BEGIN Provided records

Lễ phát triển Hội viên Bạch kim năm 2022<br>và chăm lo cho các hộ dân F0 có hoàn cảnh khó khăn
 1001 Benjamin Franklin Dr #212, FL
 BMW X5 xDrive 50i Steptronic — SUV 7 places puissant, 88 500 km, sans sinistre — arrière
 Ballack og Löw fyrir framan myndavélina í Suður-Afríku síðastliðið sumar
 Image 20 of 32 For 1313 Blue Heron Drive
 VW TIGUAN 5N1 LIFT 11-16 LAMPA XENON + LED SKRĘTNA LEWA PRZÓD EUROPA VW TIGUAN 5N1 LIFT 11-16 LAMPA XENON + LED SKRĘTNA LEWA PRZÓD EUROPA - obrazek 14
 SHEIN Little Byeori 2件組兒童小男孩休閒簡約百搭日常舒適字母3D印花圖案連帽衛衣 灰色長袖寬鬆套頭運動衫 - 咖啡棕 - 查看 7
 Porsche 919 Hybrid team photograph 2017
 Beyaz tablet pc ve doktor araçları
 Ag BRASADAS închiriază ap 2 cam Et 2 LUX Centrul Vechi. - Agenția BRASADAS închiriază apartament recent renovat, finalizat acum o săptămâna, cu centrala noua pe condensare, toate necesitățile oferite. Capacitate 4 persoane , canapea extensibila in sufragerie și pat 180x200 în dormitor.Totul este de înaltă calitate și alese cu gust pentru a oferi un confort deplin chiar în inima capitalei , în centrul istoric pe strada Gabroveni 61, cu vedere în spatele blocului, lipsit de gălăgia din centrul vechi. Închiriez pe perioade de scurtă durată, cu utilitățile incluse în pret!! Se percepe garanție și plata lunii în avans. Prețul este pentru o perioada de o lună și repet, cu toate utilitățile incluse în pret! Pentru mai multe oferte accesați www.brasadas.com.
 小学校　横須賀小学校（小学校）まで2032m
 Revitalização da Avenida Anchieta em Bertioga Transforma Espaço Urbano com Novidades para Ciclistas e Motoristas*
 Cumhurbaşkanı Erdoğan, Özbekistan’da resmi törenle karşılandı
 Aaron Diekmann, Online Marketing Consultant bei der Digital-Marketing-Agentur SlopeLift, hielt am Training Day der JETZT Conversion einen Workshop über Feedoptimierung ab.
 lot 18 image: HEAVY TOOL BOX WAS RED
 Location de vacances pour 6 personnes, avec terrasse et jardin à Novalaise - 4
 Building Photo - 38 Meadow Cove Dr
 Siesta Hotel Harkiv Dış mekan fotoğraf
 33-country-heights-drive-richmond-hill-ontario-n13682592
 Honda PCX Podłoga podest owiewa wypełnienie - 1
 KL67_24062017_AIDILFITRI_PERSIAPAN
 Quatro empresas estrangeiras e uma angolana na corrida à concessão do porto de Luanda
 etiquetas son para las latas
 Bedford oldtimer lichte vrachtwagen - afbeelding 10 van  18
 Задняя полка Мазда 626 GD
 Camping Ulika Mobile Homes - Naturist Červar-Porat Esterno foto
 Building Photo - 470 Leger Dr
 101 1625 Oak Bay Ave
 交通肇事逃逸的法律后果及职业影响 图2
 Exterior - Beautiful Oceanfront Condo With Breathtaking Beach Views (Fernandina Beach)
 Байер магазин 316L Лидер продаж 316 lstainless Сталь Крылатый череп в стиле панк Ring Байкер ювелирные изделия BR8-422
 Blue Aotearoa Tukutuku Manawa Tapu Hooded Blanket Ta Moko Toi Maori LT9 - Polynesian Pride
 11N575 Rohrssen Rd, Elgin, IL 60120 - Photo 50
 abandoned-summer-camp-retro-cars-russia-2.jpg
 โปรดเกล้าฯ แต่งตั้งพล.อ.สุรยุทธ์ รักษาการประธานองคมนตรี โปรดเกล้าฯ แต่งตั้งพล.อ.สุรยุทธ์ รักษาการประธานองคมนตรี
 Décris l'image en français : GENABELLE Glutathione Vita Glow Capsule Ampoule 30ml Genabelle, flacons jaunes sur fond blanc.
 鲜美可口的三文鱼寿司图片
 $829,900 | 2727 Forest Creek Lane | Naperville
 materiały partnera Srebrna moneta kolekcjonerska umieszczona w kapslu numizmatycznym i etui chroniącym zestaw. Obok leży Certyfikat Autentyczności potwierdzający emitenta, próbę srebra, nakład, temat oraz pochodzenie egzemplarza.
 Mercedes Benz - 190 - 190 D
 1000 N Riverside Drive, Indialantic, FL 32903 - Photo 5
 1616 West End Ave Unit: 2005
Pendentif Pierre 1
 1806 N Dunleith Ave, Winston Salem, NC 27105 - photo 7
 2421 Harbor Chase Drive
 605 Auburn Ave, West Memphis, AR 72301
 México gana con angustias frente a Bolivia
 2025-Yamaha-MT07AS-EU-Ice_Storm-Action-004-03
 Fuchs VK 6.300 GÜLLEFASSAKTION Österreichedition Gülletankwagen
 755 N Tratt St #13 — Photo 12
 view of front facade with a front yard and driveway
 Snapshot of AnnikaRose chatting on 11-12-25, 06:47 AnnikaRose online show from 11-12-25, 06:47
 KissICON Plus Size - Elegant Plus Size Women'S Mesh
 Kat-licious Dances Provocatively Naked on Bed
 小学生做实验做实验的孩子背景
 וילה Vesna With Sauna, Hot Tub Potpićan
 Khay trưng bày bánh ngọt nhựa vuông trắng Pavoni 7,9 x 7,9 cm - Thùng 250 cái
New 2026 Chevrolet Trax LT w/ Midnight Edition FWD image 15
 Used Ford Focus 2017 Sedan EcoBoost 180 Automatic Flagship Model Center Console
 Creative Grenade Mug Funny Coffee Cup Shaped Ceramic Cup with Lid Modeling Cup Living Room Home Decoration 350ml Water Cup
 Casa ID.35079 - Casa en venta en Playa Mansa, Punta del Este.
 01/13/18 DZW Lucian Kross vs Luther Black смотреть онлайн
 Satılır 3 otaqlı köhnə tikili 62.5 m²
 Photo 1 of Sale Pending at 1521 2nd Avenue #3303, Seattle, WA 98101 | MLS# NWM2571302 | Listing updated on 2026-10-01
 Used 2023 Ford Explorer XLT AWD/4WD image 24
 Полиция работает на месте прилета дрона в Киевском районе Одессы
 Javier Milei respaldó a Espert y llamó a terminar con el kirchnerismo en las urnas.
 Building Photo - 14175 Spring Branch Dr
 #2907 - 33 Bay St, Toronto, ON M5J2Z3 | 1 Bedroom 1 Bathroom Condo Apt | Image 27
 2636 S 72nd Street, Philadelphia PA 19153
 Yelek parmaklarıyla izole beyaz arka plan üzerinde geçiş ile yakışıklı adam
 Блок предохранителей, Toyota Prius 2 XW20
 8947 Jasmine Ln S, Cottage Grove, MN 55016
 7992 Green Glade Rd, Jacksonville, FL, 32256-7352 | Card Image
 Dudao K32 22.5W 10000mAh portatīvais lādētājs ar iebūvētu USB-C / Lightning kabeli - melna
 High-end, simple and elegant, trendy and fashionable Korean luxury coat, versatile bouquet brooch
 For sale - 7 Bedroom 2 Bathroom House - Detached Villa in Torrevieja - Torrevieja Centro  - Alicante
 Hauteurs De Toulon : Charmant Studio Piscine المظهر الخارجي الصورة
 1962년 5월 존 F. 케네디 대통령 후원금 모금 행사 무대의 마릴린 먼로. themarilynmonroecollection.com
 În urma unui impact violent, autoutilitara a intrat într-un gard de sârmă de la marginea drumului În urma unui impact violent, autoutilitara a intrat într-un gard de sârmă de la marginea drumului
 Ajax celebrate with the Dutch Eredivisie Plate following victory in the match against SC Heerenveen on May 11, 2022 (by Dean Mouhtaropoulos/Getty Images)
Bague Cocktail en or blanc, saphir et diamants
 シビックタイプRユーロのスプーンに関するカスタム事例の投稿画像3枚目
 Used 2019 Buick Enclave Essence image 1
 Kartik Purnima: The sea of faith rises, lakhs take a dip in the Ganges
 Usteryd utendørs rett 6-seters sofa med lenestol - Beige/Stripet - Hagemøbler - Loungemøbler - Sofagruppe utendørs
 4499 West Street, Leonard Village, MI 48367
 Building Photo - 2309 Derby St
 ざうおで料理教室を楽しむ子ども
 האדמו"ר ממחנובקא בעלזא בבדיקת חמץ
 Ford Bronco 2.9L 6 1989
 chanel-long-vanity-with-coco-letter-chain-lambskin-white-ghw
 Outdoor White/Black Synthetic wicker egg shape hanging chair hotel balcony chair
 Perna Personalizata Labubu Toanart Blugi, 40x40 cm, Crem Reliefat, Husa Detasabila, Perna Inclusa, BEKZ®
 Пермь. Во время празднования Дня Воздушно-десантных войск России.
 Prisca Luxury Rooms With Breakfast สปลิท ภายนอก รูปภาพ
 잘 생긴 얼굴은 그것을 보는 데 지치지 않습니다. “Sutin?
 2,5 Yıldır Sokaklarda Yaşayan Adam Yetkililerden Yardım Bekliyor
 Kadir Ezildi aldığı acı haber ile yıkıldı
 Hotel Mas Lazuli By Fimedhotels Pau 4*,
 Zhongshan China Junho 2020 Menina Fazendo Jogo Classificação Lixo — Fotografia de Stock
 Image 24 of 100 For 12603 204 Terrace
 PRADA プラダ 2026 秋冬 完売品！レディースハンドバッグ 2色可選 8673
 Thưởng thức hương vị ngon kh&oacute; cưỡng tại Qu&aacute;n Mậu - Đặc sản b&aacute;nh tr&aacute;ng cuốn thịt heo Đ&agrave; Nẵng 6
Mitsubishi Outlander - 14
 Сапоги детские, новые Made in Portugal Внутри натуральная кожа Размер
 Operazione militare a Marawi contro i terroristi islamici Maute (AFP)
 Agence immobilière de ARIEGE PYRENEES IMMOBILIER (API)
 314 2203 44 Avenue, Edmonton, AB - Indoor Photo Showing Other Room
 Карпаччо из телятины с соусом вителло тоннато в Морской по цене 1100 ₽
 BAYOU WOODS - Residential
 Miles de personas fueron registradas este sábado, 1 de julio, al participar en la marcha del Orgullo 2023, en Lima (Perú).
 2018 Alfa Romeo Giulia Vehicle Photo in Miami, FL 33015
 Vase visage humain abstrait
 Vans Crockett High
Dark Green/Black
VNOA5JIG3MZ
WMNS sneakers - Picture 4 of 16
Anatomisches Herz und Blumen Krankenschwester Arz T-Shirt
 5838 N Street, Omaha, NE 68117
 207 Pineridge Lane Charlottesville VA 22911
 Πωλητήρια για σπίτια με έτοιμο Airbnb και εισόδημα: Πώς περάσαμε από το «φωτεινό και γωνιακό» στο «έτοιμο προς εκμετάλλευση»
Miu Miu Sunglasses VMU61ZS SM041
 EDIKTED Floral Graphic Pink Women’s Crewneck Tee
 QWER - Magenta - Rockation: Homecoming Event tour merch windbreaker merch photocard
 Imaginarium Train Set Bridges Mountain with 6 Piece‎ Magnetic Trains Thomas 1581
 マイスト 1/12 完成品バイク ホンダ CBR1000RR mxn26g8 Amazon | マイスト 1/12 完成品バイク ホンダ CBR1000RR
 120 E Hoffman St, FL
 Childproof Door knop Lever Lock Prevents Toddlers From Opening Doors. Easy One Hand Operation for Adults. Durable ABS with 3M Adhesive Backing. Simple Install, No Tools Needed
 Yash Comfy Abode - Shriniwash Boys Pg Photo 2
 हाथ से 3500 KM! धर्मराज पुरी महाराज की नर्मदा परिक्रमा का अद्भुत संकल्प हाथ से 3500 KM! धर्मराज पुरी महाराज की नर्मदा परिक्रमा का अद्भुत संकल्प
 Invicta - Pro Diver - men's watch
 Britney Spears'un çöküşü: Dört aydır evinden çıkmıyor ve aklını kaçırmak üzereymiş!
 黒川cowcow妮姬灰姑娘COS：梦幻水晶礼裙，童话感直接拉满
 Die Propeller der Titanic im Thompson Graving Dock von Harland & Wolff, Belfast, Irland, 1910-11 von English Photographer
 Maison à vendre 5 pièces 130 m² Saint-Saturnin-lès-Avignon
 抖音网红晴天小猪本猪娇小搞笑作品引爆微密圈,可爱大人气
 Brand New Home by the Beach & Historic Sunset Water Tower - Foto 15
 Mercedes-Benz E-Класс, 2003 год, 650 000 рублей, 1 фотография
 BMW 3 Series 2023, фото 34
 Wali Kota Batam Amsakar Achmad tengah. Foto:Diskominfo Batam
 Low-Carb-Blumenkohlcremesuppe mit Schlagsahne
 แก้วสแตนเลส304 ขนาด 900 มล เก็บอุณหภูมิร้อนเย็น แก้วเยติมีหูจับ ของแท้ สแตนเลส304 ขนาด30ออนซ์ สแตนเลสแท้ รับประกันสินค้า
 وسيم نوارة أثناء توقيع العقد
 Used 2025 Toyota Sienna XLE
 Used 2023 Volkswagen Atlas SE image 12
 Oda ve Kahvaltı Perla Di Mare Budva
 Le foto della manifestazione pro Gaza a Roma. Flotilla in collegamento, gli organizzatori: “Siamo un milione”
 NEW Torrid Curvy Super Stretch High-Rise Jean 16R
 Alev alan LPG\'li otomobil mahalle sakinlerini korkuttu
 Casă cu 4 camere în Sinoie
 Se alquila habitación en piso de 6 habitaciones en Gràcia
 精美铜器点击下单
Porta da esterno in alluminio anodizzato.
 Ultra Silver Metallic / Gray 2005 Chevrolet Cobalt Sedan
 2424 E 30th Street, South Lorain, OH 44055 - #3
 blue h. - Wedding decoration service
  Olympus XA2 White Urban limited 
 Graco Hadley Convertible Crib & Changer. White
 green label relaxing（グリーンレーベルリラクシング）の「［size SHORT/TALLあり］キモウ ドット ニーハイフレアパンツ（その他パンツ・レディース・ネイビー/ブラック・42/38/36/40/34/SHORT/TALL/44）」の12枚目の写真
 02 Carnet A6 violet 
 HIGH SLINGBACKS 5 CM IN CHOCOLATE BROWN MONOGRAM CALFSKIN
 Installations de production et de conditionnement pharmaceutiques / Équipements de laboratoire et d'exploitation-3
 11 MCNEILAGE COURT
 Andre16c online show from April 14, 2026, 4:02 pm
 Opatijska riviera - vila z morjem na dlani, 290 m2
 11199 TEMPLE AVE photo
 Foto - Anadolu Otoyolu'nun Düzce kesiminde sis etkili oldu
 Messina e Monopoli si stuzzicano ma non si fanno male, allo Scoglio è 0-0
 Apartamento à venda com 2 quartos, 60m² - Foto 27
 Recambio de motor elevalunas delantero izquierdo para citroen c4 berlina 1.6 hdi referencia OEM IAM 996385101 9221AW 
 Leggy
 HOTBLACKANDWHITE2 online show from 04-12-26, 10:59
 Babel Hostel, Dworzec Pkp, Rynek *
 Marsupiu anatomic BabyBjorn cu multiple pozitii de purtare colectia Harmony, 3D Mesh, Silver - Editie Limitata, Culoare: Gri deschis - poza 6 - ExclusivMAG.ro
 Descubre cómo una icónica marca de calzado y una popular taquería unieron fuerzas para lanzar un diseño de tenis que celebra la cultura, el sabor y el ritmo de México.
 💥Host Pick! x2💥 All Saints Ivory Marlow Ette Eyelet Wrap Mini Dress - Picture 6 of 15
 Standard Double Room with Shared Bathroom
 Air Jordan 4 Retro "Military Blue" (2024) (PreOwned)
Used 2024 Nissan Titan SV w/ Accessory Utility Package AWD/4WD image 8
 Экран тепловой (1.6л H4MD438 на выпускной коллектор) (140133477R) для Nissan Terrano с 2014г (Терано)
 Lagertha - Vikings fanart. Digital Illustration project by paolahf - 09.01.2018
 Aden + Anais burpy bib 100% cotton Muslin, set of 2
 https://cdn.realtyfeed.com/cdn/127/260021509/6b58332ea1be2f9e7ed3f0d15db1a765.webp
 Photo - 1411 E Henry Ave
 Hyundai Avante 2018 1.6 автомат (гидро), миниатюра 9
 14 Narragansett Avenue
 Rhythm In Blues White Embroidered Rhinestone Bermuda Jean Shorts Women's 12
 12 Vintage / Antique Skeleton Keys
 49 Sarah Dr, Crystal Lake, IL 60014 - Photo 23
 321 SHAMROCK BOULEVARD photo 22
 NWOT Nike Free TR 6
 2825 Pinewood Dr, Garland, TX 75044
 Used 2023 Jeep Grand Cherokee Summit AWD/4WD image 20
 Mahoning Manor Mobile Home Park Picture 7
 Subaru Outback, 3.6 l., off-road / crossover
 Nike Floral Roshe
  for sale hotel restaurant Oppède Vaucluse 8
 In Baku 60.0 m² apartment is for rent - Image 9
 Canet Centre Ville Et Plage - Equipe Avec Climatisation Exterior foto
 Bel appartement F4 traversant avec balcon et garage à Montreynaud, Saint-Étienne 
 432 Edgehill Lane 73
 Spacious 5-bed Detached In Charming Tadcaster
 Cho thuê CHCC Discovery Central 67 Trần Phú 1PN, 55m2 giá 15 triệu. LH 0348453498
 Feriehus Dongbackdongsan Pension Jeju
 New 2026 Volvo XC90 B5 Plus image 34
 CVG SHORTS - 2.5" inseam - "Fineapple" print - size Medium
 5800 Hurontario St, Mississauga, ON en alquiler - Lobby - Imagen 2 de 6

END Provided records

What you are asked to do |
Print, exactly as written, the first line of the records above and each line after it until the line with "Beyaz tablet pc ve doktor araçları", which is printed too.

Problem solution |
Lễ phát triển Hội viên Bạch kim năm 2022<br>và chăm lo cho các hộ dân F0 có hoàn cảnh khó khăn
 1001 Benjamin Franklin Dr #212, FL
 BMW X5 xDrive 50i Steptronic — SUV 7 places puissant, 88 500 km, sans sinistre — arrière
 Ballack og Löw fyrir framan myndavélina í Suður-Afríku síðastliðið sumar
 Image 20 of 32 For 1313 Blue Heron Drive
 VW TIGUAN 5N1 LIFT 11-16 LAMPA XENON + LED SKRĘTNA LEWA PRZÓD EUROPA VW TIGUAN 5N1 LIFT 11-16 LAMPA XENON + LED SKRĘTNA LEWA PRZÓD EUROPA - obrazek 14
 SHEIN Little Byeori 2件組兒童小男孩休閒簡約百搭日常舒適字母3D印花圖案連帽衛衣 灰色長袖寬鬆套頭運動衫 - 咖啡棕 - 查看 7
 Porsche 919 Hybrid team photograph 2017
 Beyaz tablet pc ve doktor araçları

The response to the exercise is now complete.